MúSICA > LA BANDA CHECA QUE SE ENFRENTó AL COMUNISMO

El rock de la libertad

A mediados de los años ’60, el poeta beatnik norteamericano Allen Ginsberg llegó a Praga para rasgar de manera impensada la Cortina de Hierro. Su visita desató una serie de acontecimientos, amistades e ideas que marcarían los siguientes 30 años del país: el nacimiento de un rock con ascendente sobre la juventud en los días previos a la Primavera de Praga, la creación de un underground musical perseguido sin motivos por la férrea burocracia posterior, el surgimiento de una banda clandestina que despertaba persecuciones y fanatismos con igual fervor y la formación de un colectivo de intelectuales (entre los que se contaba el poeta y futuro presidente Vaclav Havel) que se formó en su defensa cuando finalmente fueron sometidos a juicios por rock. La banda: Plastic People of the Universe. El colectivo que salió en su defensa: Charter 77, el germen ideológico de la Revolución de Terciopelo que, en 1989, acabaría con el comunismo en Checoslovaquia.

Por Norberto Cambiasso


Para cualquier ciudadano checoslovaco de mediados de los ‘70, un golpe en la puerta de su casa en una noche de tormenta de nieve constituía motivo de alarma suficiente. La escena poseía ese aire de paranoia cultivada que tan bien describen las novelas de espionaje de John Le Carré. Sólo que en el país centroeuropeo, bajo el llamado proceso de normalización, formaba parte de una cotidianidad muy poco normal pero dolorosamente real.
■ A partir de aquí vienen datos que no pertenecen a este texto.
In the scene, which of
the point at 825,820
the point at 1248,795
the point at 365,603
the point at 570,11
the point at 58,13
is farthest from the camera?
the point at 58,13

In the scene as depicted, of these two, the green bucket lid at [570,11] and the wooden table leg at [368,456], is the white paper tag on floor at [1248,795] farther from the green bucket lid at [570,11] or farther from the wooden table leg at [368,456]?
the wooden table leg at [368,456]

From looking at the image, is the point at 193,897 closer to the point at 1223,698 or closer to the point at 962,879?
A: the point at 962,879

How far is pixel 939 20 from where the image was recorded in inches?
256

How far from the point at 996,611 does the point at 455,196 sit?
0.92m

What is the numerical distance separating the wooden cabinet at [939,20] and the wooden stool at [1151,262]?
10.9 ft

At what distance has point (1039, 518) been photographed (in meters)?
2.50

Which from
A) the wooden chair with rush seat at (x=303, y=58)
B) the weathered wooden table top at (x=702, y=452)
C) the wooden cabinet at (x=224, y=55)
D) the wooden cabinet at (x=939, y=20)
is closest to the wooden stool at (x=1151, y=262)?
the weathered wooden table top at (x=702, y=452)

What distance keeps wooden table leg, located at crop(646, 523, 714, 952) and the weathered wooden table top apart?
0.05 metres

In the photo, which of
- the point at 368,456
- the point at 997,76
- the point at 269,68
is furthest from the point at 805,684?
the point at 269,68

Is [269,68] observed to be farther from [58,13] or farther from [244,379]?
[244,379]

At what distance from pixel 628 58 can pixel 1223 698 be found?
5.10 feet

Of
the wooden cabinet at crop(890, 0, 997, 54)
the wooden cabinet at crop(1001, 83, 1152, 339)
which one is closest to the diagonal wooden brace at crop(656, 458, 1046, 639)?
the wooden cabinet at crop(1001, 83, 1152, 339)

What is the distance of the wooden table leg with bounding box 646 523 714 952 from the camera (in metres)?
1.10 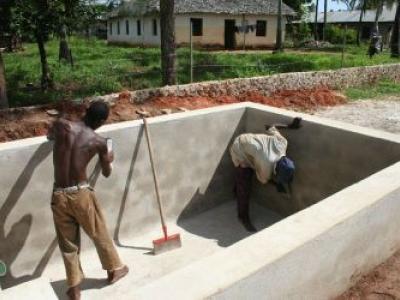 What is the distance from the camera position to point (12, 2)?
915 cm

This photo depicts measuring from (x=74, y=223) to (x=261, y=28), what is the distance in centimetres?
2572

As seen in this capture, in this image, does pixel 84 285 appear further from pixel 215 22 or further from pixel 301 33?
pixel 301 33

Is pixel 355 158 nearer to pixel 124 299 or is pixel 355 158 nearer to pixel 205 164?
pixel 205 164

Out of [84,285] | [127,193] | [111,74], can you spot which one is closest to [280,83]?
[111,74]

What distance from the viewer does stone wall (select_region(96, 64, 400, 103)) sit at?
30.4 feet

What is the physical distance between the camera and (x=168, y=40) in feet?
32.6

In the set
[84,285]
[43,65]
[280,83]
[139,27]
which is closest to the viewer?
[84,285]

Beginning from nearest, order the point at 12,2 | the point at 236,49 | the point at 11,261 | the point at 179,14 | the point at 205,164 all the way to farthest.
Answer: the point at 11,261, the point at 205,164, the point at 12,2, the point at 179,14, the point at 236,49

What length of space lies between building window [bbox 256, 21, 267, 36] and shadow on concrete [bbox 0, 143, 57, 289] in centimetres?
2493

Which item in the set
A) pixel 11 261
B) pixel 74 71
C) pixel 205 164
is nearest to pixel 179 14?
pixel 74 71

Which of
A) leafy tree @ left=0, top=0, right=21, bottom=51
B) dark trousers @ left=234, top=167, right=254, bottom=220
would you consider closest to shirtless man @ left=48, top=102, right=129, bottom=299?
dark trousers @ left=234, top=167, right=254, bottom=220

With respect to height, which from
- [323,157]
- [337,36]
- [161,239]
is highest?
[337,36]

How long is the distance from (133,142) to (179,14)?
69.1 feet

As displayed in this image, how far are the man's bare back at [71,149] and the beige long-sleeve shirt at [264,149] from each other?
6.88 ft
Se habrá sentido aliviado Vaclav Havel cuando reconoció la cara familiar y congelada de un amigo en lugar del rostro estólido e inexpresivo de algún miembro de la policía secreta. Lejos estaba de imaginar que una sugerencia deslizada al azar por ese mismo amigo cambiaría su vida para siempre: la de que debía conocer a Ivan Jirous.

Un americano en Praga

A Jirous, como a tantos checos de su generación, la vida le cambió en el invierno del ‘65, fecha en que el arribo de Allen Ginsberg a Praga produjo una revolución en pequeña escala. Invitado por los estudiantes de la Universidad Charles donde Jirous cursaba Historia del Arte, el bardo barbado desató un amor repentino e incondicional en un considerable sector de la juventud. Hasta tal punto que concluyó con la coronación de Ginsberg como rey en los festejos tradicionales del 1° de Mayo.
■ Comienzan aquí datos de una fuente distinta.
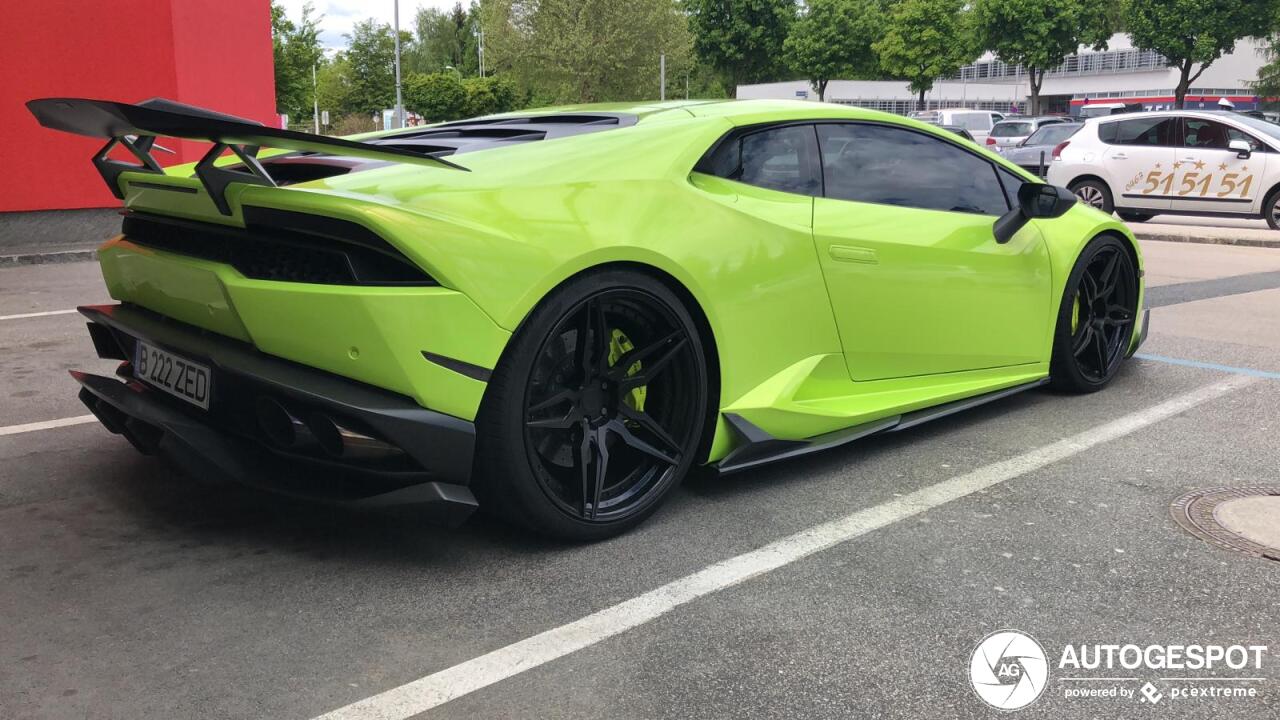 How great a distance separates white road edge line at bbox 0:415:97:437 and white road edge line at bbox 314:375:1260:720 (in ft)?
9.29

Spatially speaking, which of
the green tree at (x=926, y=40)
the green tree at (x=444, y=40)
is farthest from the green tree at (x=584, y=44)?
the green tree at (x=444, y=40)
La burocracia del régimen, liderada entonces por la gris eminencia de Antonín Novotny, respondió de la única manera que conocía: arrestó tres veces al poeta norteamericano. La última fue la manifestación de un estilo que, por aquellos días, se había vuelto clásico frente a los visitantes extranjeros indeseables y problemáticos: la policía irrumpió en su habitación, secuestró sus escritos, los halló moralmente peligrosos, plagados de ideas burguesas y los usó como excusa para expulsar al beatnik del país a una semana escasa de su coronación.
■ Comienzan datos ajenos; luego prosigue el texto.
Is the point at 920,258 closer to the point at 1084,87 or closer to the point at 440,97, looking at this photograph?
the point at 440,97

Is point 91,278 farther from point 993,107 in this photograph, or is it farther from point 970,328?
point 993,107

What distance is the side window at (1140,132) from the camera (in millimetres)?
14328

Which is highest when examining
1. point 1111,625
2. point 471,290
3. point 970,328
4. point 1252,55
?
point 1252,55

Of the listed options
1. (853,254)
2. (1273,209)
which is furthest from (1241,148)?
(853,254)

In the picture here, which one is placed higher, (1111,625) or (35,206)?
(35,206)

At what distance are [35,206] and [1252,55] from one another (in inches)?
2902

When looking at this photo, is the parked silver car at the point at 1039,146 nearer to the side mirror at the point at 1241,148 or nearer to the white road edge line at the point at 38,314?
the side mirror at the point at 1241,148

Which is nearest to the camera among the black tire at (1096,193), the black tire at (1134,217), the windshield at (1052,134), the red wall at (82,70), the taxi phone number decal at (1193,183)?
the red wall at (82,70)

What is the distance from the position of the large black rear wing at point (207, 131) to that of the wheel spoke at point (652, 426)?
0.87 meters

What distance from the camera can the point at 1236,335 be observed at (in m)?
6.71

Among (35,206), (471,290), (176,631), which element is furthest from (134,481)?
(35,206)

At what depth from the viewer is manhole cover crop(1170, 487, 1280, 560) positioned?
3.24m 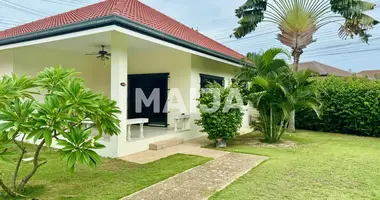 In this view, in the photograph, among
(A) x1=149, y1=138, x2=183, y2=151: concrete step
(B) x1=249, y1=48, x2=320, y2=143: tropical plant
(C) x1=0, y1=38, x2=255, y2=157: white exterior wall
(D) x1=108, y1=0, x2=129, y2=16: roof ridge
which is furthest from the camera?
(B) x1=249, y1=48, x2=320, y2=143: tropical plant

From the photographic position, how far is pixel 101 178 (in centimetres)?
548

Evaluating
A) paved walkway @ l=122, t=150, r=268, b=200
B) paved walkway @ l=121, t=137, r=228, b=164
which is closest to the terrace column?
paved walkway @ l=121, t=137, r=228, b=164

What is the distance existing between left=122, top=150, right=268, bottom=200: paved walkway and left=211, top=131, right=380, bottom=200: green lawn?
25 centimetres

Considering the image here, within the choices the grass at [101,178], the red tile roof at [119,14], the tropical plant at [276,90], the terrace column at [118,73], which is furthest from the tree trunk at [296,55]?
the terrace column at [118,73]

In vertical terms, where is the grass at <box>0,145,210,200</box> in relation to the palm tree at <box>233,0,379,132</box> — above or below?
below

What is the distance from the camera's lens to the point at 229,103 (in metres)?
9.02

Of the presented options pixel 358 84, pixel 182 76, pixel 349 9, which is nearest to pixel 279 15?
pixel 349 9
Lo que prometía ser un reinado breve, con la moral y las sanas costumbres comunistas felizmente reinstauradas, se convirtió en una onda expansiva que culminaría en la Primavera de Praga de 1968. El propio Ginsberg se había hecho tiempo, en medio de sus encontronazos con las fuerzas de seguridad, para presenciar un recital de Olympic, el grupo más popular del BigBeat, un movimiento rockero a imagen y semejanza del liderado por los Beatles, que el americano inmortalizaría en un poema de título homónimo.

De la noche a la mañana, los clubes ilegales de rock florecieron como hongos y las calles de las principales ciudades se poblaron de mánièky –pequeñas Marías–, término peyorativo que sugería la homosexualidad masculina y con el que los biempensantes describían esta versión autóctona del hippismo. Los happenings estaban a la orden del día y Milan Knízák –artista que había fundado el grupo Aktual y mantenía buenas relaciones con el colectivo de arte Fluxus– los llevaba a su grado más alto de perfección. El problema radicaba en que, dadas las peculiaridades de estas performances, consideradas decadentes y occidentales por el régimen, Knízák pasaba más tiempo en la prisión de Ruzyne que en las calles de Praga.

No importaba. Corrían tiempos de aceleradas transformaciones. El país parecía despertarse del marasmo de la década anterior y la popularidad de Novotny y sus secuaces se hallaba en caída libre. La primera señal la dio el IV Congreso del Sindicato de Escritores, cuando desde el seno mismo del poder, un grupo de intelectuales, de intachables credenciales comunistas, se atrevió a cuestionar públicamente la política cultural del Estado. La escisión del partido era ya irremediable y no pasó mucho tiempo para que el mismísimo jerarca, obnubilado por conservar el poder aun a costa de la más flagrante represión, fuera reemplazado por un amable hombrecillo al que la historia conocería con el nombre de Alexander Dubcek. La Primavera de Praga había comenzado.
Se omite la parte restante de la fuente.